── MATERIAL SHOWN ──
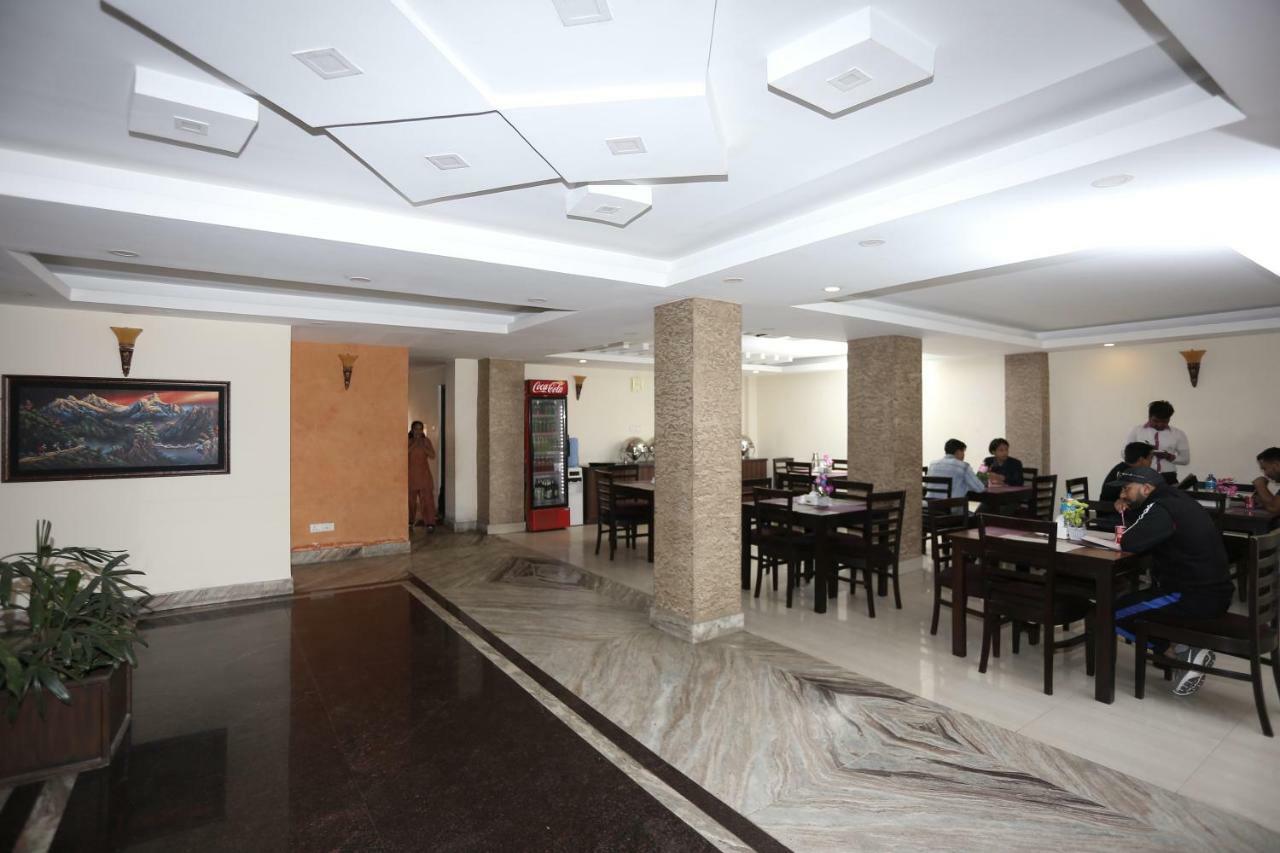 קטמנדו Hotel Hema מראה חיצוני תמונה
───
── MATERIAL SHOWN ──
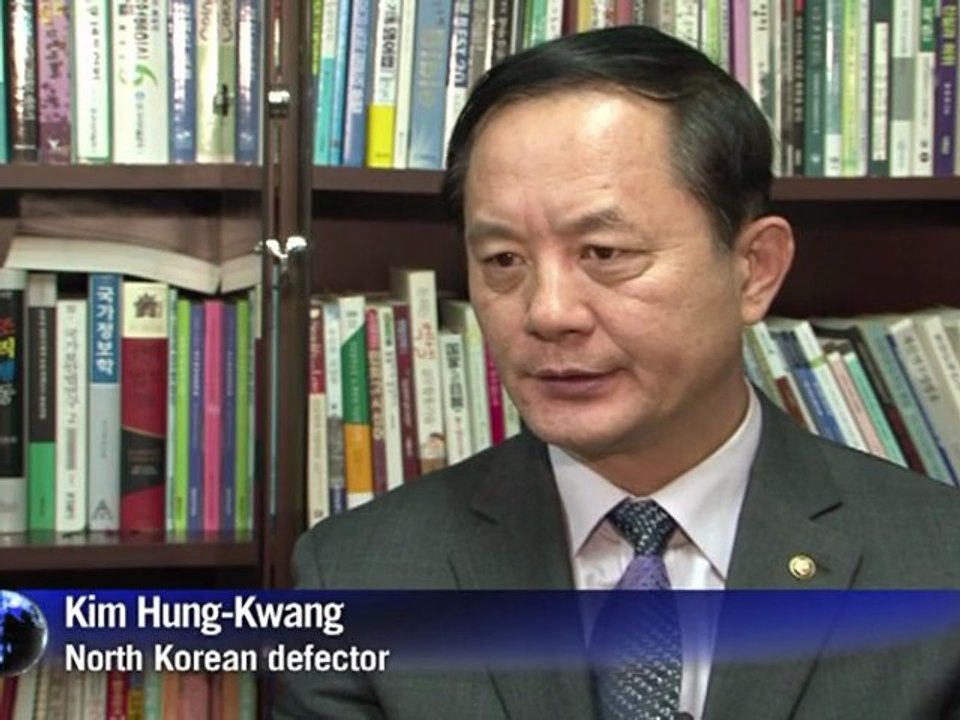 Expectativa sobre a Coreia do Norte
───
── MATERIAL SHOWN ──
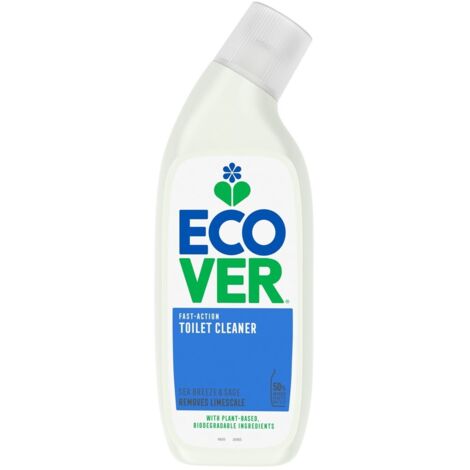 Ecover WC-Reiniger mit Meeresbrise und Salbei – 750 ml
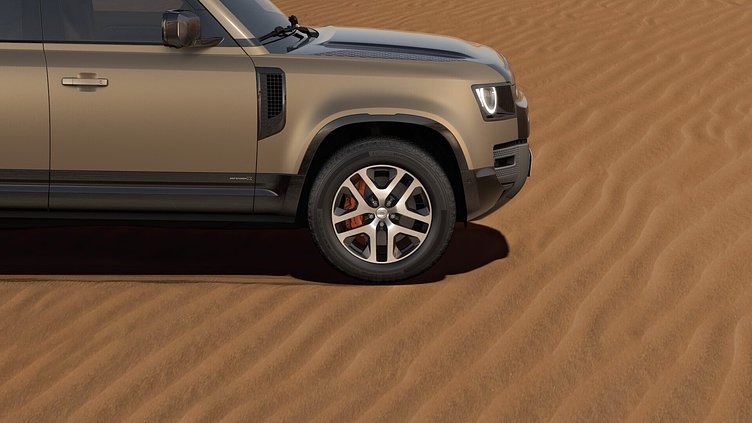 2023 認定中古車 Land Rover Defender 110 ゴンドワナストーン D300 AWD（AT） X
───
**YOUR INSTRUCTIONS:** For this exercise, reproduce exactly the lines of the records above from the one with "Ecover WC-Reiniger mit" up to and including the one with "2023 認定中古車 Land", without pictures.

**ANSWER FOR THIS EXERCISE:**
 Ecover WC-Reiniger mit Meeresbrise und Salbei – 750 ml
 2023 認定中古車 Land Rover Defender 110 ゴンドワナストーン D300 AWD（AT） X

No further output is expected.